Benralizumab - NICE TA565 - updated September 2019
Benralizumab, as and add-on therapy, is recommended as an option for treating severe eosinophilic asthma that is 
inadequately controlled in adults despite maintenance therapy with high-dose inhaled corticosteroids and long-acting beta-
agonists, only if:
          >     and person has agreed to and followed the optimised standard treatment plan and
          >     and blood eosinophil count has been recorded as 300 cells per microlitre or more and the person has had 4 or more
                 exacerbations needing systemic corticosteroids in the previous 12 months, or has had continuous oral corticosteroids of 
                 at least the equivalent of prednisolone 5 mg per day over the previous 6 months (that is, the person is eligible for 
                 mepolizumab) or
          >     the  blood eosinophil count has been recorded as 400 cells per microlitre or more with 3 or more exacerbations 
                 needing systemic corticosteroids in the past 12 months (that is, the person is eligible for reslizumab).

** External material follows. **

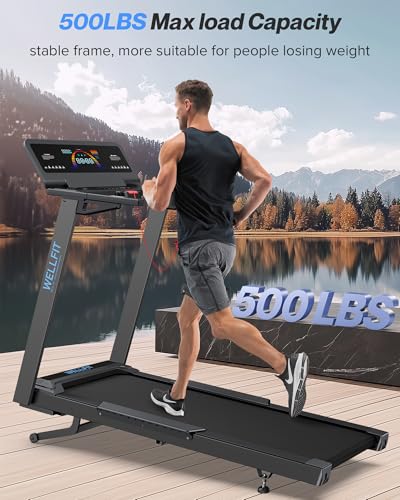WELLFIT Auto Incline Treadmill  10  Incline Heavyduty Treadmill with Pulse Sensor  4 5HP  10 MPH  500 lbs Capacity  20 x 55 Running Area Treadmills with Bluetooth Player & LED Display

 Benralizumab is recommended only if the company provides it according to the commercial arrangement.
 
RED     Benralizumab 
             30mg/1mL solution for injection pre-filled syringes (Fasenra▼)
 
 

3.3.3 Phophodiesterase type-4 inhibitors

NICE guidance TA461 (update to TA244)
Roflumilast, as an add-on to bronchodilator therapy, is recommended as an option for treating  severe chronic obstructive 
pulmonary disease in adults with chronic bronchitis, only if:
       >     the disease is severe, defines as a forced expiratory volume in 1 second FEV¹ after a bronchodilator of less than 50% of 
              predicted normal, and
       >     the person has ja 2 or more exacerbations in the previous 12  months despite  triple inhaled therapy with a long-acting 
              muscarinic antagonist, a long-acting  beta-2 agonist and an inhaled corticosteroid.
Treatment with roflumilast should be started by a specialist in respiratory medicine.